• _What is being asked_:
Will you write out, word for word, every line from the one with "Gold - Image 7" to the final line of the data below, with the pictures left out?

• _Extracted material_:
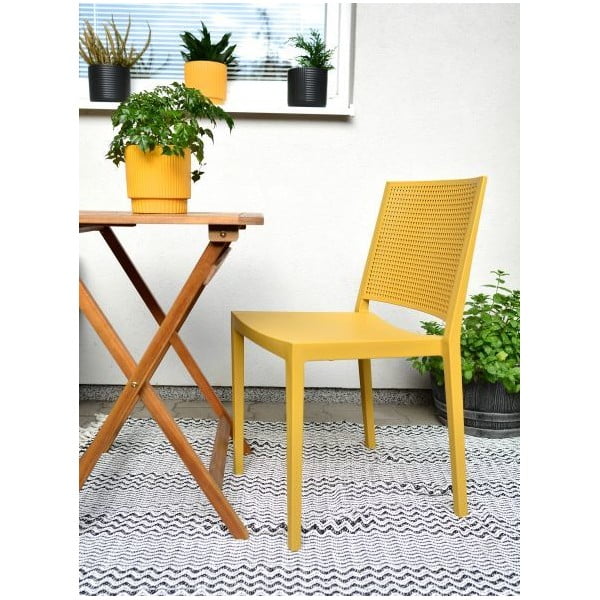 Żółte plastikowe krzesło ogrodowe Grid – Rojaplast-image-1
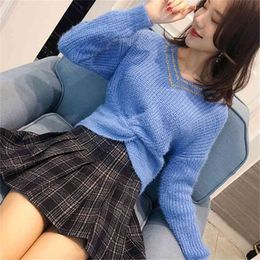 Female Sweater Autumn And Winter Women's Loose Head Solid Colour Long Sleeve Embroidered Knit Top 210427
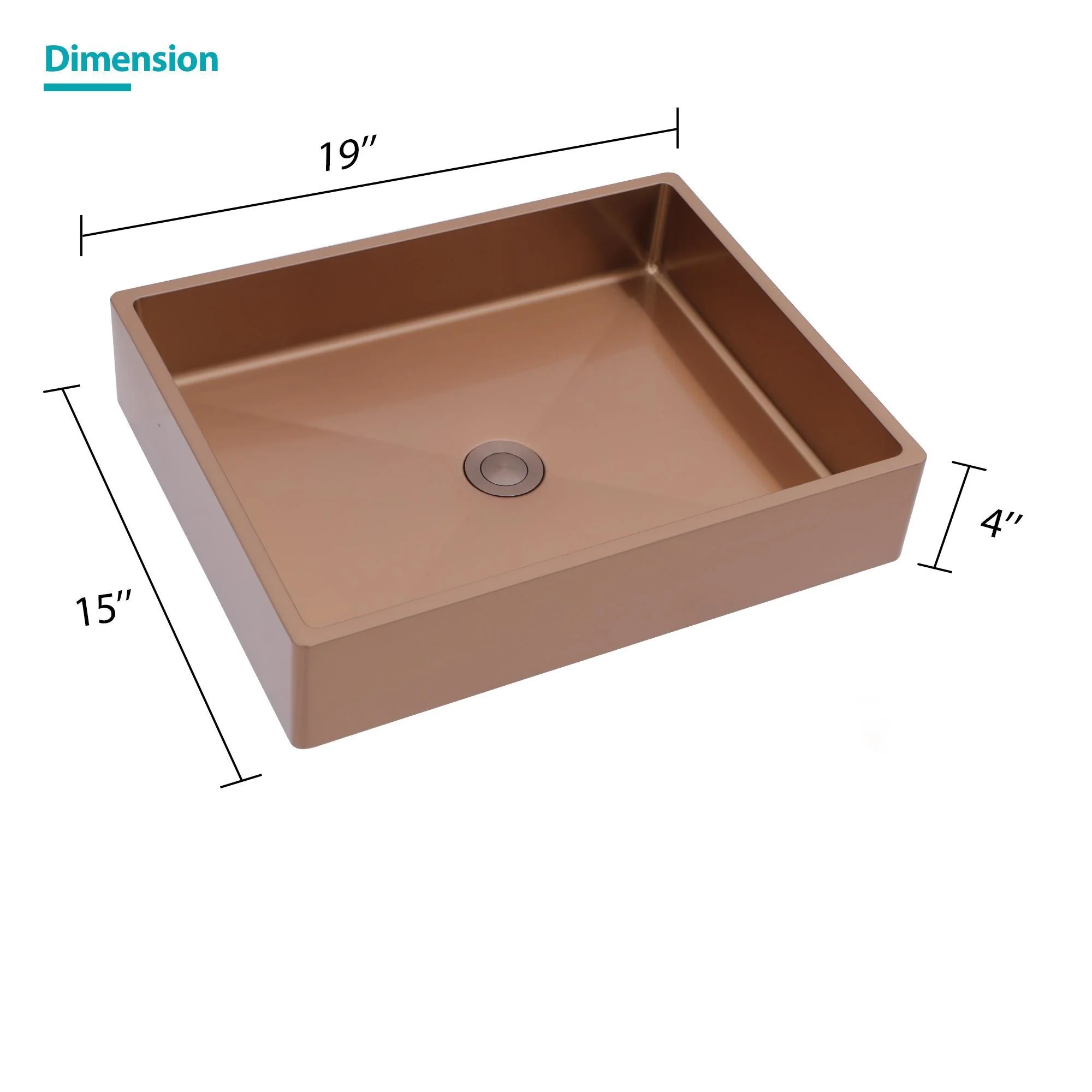 19" X 15" Stainless Steel Bathroom Sink With Pop Up Drain, Nano Surface - Rose Gold - Image 7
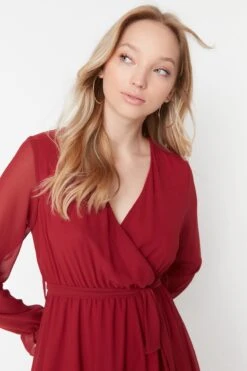 Trendyol Vrouwen Ballon Mouw Cache-coeur Schaatser Jurk -Trendyo Trendy Winkel 800x1200 427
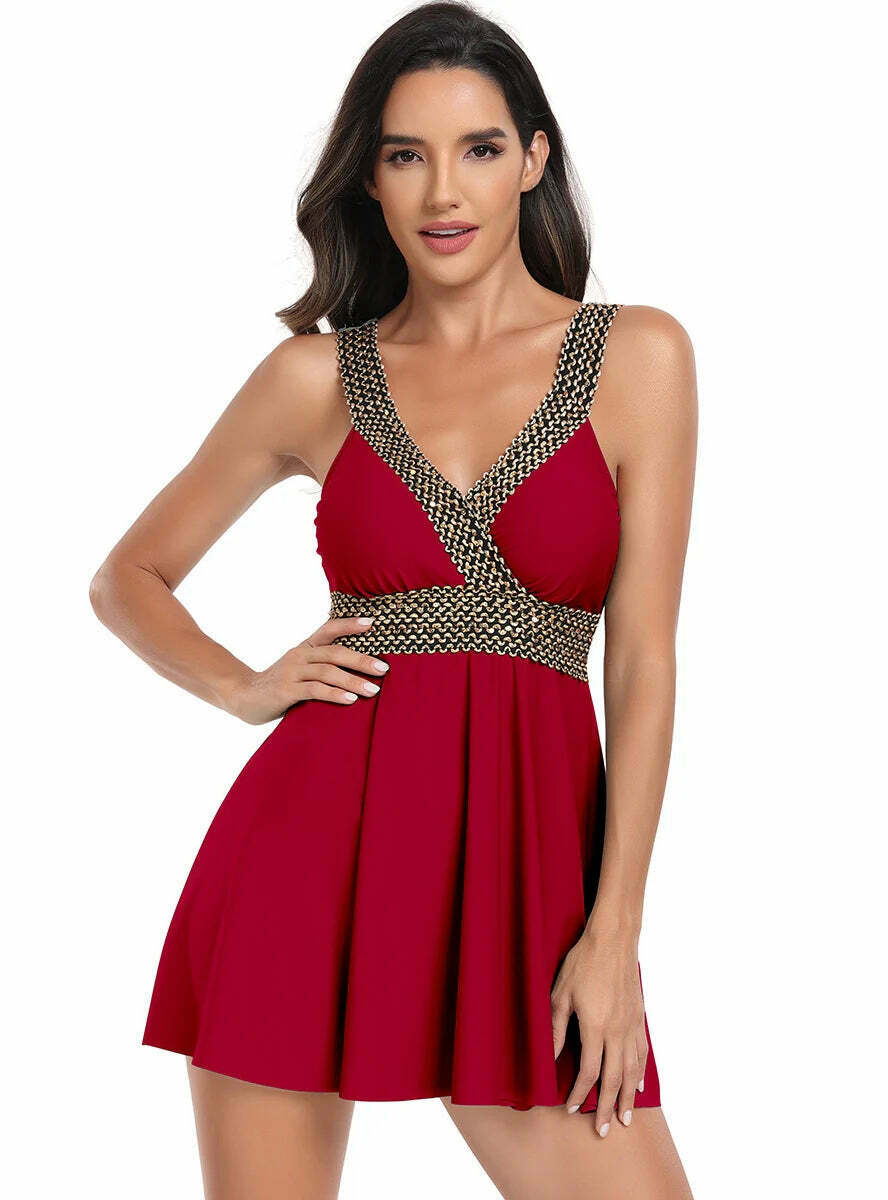 Y2K Aesthetic V-Neck Bikini Swimsuit - Coquette Style for Women Y2K Aesthetic V-Neck Bikini Swimsuit - Coquette Style for Women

• _Exercise response_:
 19" X 15" Stainless Steel Bathroom Sink With Pop Up Drain, Nano Surface - Rose Gold - Image 7
 Trendyol Vrouwen Ballon Mouw Cache-coeur Schaatser Jurk -Trendyo Trendy Winkel 800x1200 427
 Y2K Aesthetic V-Neck Bikini Swimsuit - Coquette Style for Women Y2K Aesthetic V-Neck Bikini Swimsuit - Coquette Style for Women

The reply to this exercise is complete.